Annexe à la réponse
Commentaires du Comité des conseillers
juridiques sur le droit international public (CAHDI)
1. Le 21 octobre 2009, les Délégués
des Ministres ont communiqué la
Recommandation 1888 (2009) de l’Assemblée parlementaire au Comité des conseillers
juridiques sur le droit international public (CAHDI) pour information
et commentaires éventuels avant le 31 mars 2010.

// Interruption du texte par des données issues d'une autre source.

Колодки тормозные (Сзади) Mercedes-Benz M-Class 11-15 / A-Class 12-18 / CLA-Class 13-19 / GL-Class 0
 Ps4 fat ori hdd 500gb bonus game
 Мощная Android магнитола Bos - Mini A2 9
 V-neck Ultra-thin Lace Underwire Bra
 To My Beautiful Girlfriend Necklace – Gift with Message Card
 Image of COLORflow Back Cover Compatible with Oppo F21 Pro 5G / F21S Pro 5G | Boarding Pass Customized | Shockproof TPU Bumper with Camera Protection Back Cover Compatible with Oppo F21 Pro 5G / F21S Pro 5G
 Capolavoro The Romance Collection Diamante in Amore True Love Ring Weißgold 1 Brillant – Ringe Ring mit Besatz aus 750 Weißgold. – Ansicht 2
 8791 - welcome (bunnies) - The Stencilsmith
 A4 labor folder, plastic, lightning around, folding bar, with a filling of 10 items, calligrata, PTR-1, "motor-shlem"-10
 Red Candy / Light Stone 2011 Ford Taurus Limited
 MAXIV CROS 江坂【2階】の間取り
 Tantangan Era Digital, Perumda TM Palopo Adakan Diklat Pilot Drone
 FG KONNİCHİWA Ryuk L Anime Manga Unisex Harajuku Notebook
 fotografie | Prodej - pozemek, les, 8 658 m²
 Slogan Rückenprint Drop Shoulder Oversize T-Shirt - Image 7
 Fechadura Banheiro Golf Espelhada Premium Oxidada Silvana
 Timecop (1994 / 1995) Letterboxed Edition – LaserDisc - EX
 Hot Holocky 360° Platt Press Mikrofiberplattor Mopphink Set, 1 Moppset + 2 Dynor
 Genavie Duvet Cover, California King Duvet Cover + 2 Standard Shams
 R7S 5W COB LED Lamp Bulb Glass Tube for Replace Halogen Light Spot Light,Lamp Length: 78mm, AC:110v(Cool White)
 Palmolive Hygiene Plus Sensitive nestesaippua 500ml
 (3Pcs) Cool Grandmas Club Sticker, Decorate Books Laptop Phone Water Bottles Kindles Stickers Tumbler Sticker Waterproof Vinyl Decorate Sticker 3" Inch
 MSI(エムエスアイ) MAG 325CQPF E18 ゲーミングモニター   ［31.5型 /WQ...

2. Dans sa recommandation, l’Assemblée parlementaire appelle
le Comité des Ministres:
- à
charger un comité d’experts de définir un cadre juridique et institutionnel
pour une nouvelle gouvernance des océans;
- à inviter l’Assemblée parlementaire à participer aux travaux
de ce comité d’experts.
L’Assemblée recommande également au Comité des Ministres d’inviter
les gouvernements des Etats membres:
- à participer au projet intergouvernemental Eur-Oceans;
- à promouvoir la création et la bonne gestion de zones
marines protégées.
3. Le CAHDI a examiné la recommandation
mentionnée ci-dessus lors de sa 39e réunion
(Strasbourg, 18-19 mars 2010) et a adopté les commentaires suivants
relatifs aux aspects de la recommandation qui sont d’un intérêt
particulier pour le mandat du CAHDI (droit international public).
4. Tout d’abord, le CAHDI souhaiterait souligner l’importance
de la Convention des Nations Unies sur le droit de la mer du 10
décembre 1982 (CNUDM), laquelle prévoit un cadre réglementaire pour
l’usage des mers et des océans et constitue la référence juridique
clé dans ce domaine. 160 Etats ou entités sont parties à la CNUDM
NoteNote,
dont 42 sont membres du Conseil de l’Europe. D’ailleurs, la CNUDM
reflète également dans une grande partie du texte le droit coutumier.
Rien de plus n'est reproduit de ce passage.